Solving the Zebra Puzzle with AC-3

KahKah
May 15, 2024·
12 min read

The first time I heard of the arc consistency #3 (AC-3) algorithm during a mentoring session on the Zebra Puzzle exercise in Exercism's Elixir track (thanks afraik!). I was avoiding permutating through the combinations and had came up with a solution that used mutation to get to the solution. At first, it seemed hard and I had difficulty relating the algorithm to the puzzle, especially as the examples often seemed abstract. So, I chose to leave it, intending to revisit at a later time. That was a year ago. Now in 2024, I've been doing Exercism's 48in24 and the exercise for week 17 happens to be Zebra Puzzle! So I took the opportunity to revisit AC-3 in the puzzle. This is how I've applied it.

What's the zebra puzzle?

In the puzzle, you are given a set of clues from which you need to answer a couple of questions. Here's the puzzle from Wikipedia:

  1. There are five houses.
  2. The Englishman lives in the red house.
  3. The Spaniard owns the dog.
  4. Coffee is drunk in the green house.
  5. The Ukrainian drinks tea.
  6. The green house is immediately to the right of the ivory house.
  7. The Old Gold smoker owns snails.
  8. Kools are smoked in the yellow house.
  9. Milk is drunk in the middle house.
  10. The Norwegian lives in the first house.
  11. The man who smokes Chesterfields lives in the house next to the man with the fox.
  12. Kools are smoked in the house next to the house where the horse is kept.
  13. The Lucky Strike smoker drinks orange juice.
  14. The Japanese smokes Parliaments.
  15. The Norwegian lives next to the blue house.

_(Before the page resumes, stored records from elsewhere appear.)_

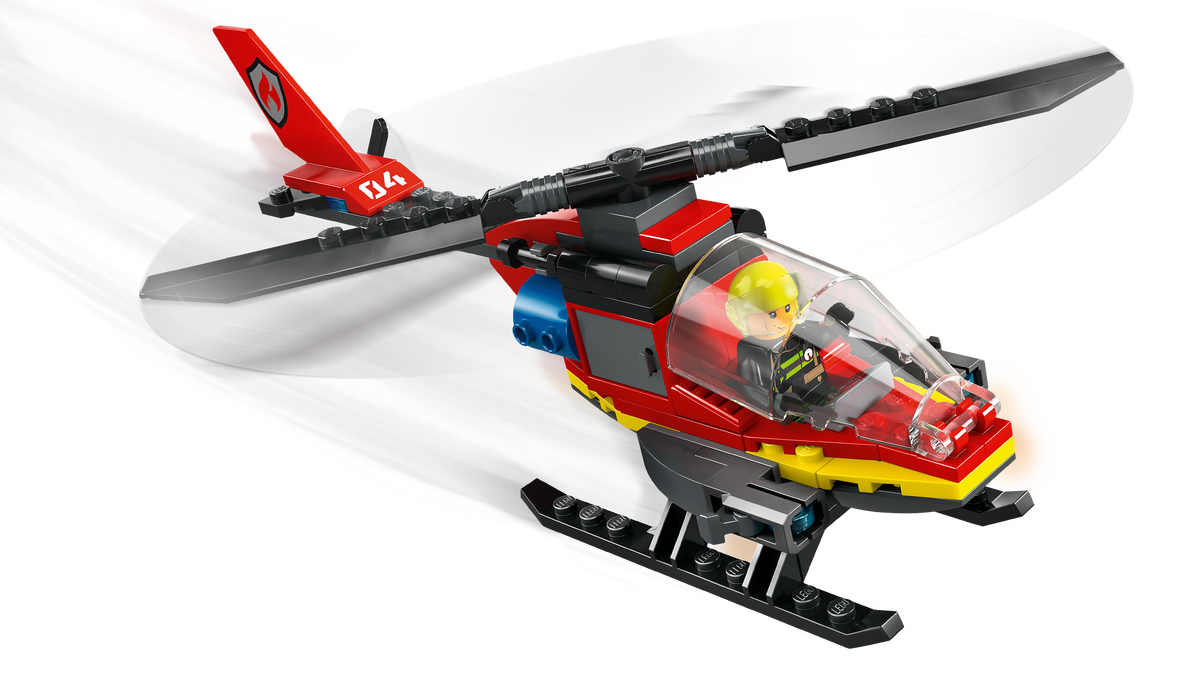Fire Rescue Helicopter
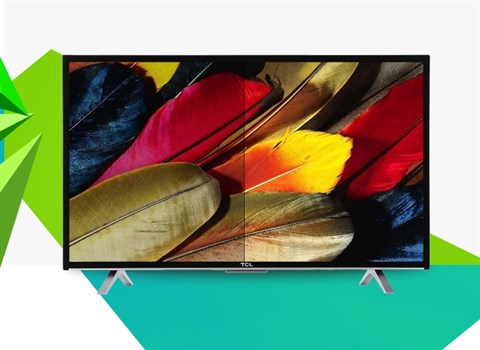 Internet Tivi TCL 32 inch L32D2780 - Công nghệ hình ảnh ánh sáng tự nhiên an toàn cho mắt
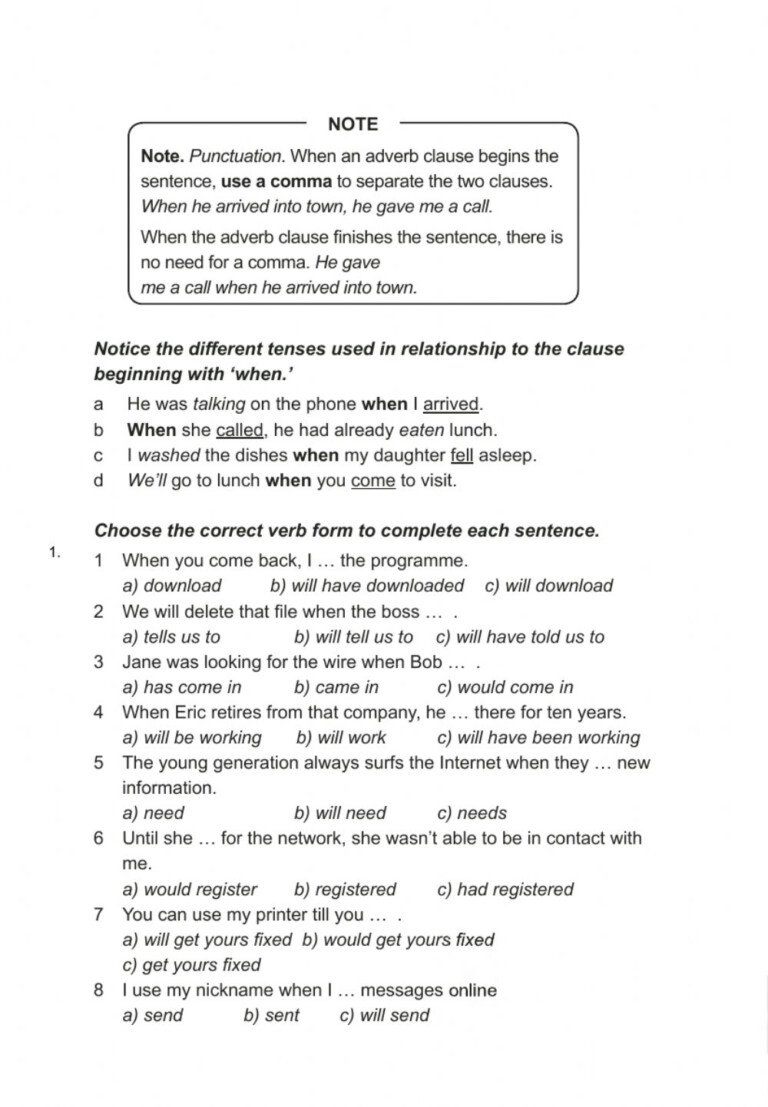 worksheet-of-clauses-with-answers-adverbworksheets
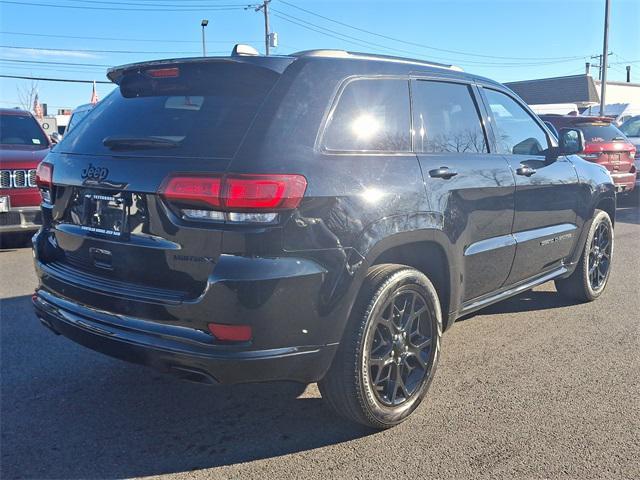 used 2021 Jeep Grand Cherokee car, priced at $32,563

Now, who drinks water? Who owns the zebra?

In the interest of clarity, it must be added that each of the five houses is painted a different color, and their inhabitants are of different national extractions, own different pets, drink different beverages and smoke different brands of American cigarets [sic]. One other thing: in statement 6, right means your right.

— Life International, December 17, 1962

Applying AC-3

In AC-3, a set of variables has a range of possible values. The range of possible values is the variable's domain. The aim is to find the values for the variables that satisfy a set of constraints. The clues can be easily seen as the constraints, but what are the variables and domains in the Zebra Puzzle?

Since there are 5 houses, we can number them 1-5. If we treat each trait (e.g. "red", "green", "orange juice", "Englishman", etc.) as a variable, then the house numbers are their domain. All traits will start with the same domain:

TypeVariable (House trait)Domain (House #)
ColorRed1, 2, 3, 4, 5
Green1, 2, 3, 4, 5
Ivory1, 2, 3, 4, 5
Yellow1, 2, 3, 4, 5
Blue1, 2, 3, 4, 5
SmokesKools1, 2, 3, 4, 5
Old gold1, 2, 3, 4, 5
Chesterfields1, 2, 3, 4, 5
Lucky strike1, 2, 3, 4, 5
Parliament1, 2, 3, 4, 5
DrinkCoffee1, 2, 3, 4, 5
Tea1, 2, 3, 4, 5
Milk1, 2, 3, 4, 5
Orange Juice1, 2, 3, 4, 5
Water1, 2, 3, 4, 5
NationalityEnglishman1, 2, 3, 4, 5
Spaniard1, 2, 3, 4, 5
Ukrainian1, 2, 3, 4, 5
Norwegian1, 2, 3, 4, 5
Japanese1, 2, 3, 4, 5
PetDog1, 2, 3, 4, 5
Fox1, 2, 3, 4, 5
Horse1, 2, 3, 4, 5
Zebra1, 2, 3, 4, 5
Snails1, 2, 3, 4, 5

The puzzle is viewed as a directed graph, with the traits as the nodes. The relationship between the nodes are the arcs. For example, consider the clue coffee is drunk in the green house. This can be represented in a graph as:

There are two arcs (coffee = green and green = coffee) going in each direction as the graph is directed. This is important as the algorithm will later go through each arc and remove inconsistent values from the "left hand's" domain (the variable of the left hand side of the = in the relationship).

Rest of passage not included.